Now let's implement the network, we will make our encoder and decoder as a general general module list. Also we need the bottleneck and the last convolution. For the foward pass we will iterate over the encoder and save the results in a list, then we will iterate over the decoder and concatenate the results with the encoder results.
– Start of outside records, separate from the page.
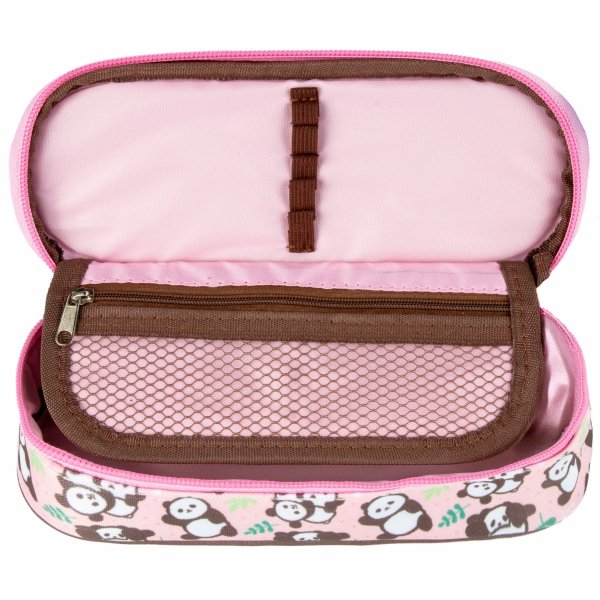 PANDA PLECAK z MISIEM DLA UCZENNIC SZKOLNY DZIEWCZĘCY DO 1 KLASY ZESTAW 5w1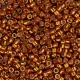 DB0421 Burnt Orange Terracotta Opaque Galvanized-Dyed, Size 11/0 Miyuki Delica Beads, 5.2g approx.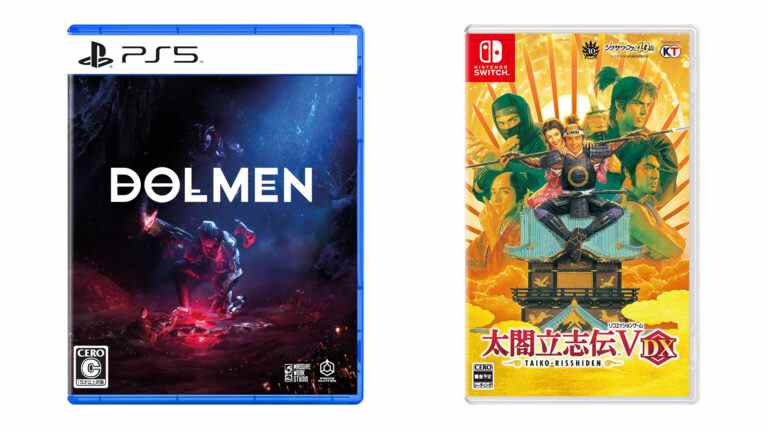 Sorties de jeux japonais de cette semaine : Dolmen, Taiko Risshiden V DX, etc.    
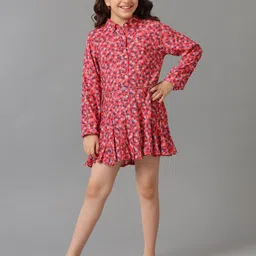 UNDER FOURTEEN ONLY Floral Print Shirt Dress-picture-11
Finally we will do the last convolution.

In [3]:
class Unet(nn.Module):
    def __init__(self, in_channels=1, out_channels=1, sizes=[64, 128, 256, 512]):
        super(self.__class__, self).__init__()
        self.sizes = sizes
        self.down = nn.ModuleList()
        self.up = nn.ModuleList()

        for size in sizes:
            self.down.append(DualConv(in_channels, size))
            in_channels = size
        self.bottleneck = DualConv(sizes[-1], sizes[-1]*2)
        for size in reversed(sizes):
            self.up.append(
                    nn.ConvTranspose2d(in_channels=2*size, out_channels=size, kernel_size=2, stride=2),
            )
            self.up.append(DualConv(2*size, size))

        self.last = nn.Conv2d(sizes[0], out_channels, kernel_size=1)

    def forward(self, x):
        res = []
        for block in self.down:
            x = block(x)
            res.append(x)
            x = nn.MaxPool2d(2, 2)(x)

        x = self.bottleneck(x)

        for idx, block in enumerate(self.up):
            x = block(x)
            if idx % 2 == 0:
                x = torch.cat([x, res.pop()], dim=1)
            
        return self.last(x)

Let's see the model summary

In [4]:
net = Unet()
print(net)

Unet(
  (down): ModuleList(
    (0): DualConv(
      (block): Sequential(
        (0): Conv2d(1, 64, kernel_size=(3, 3), stride=(1, 1), padding=(1, 1), bias=False)
        (1): BatchNorm2d(64, eps=1e-05, momentum=0.1, affine=True, track_running_stats=True)
        (2): ReLU(inplace=True)
        (3): Conv2d(64, 64, kernel_size=(3, 3), stride=(1, 1), padding=(1, 1), bias=False)
        (4): BatchNorm2d(64, eps=1e-05, momentum=0.1, affine=True, track_running_stats=True)
        (5): ReLU(inplace=True)
      )
    )
    (1): DualConv(
      (block): Sequential(
        (0): Conv2d(64, 128, kernel_size=(3, 3), stride=(1, 1), padding=(1, 1), bias=False)
        (1): BatchNorm2d(128, eps=1e-05, momentum=0.1, affine=True, track_running_stats=True)
        (2): ReLU(inplace=True)
        (3): Conv2d(128, 128, kernel_size=(3, 3), stride=(1, 1), padding=(1, 1), bias=False)
        (4): BatchNorm2d(128, eps=1e-05, momentum=0.1, affine=True, track_running_stats=True)
        (5): ReLU(inplace=True

Let's create random data and feed it into the model

In [5]:
X = torch.randn(1, 1, 512, 512)
Y = net(X)
Y.shape

torch.Size([1, 1, 512, 512])

As we can see our model is working, it will need some training but it is out of the scope of this notebook.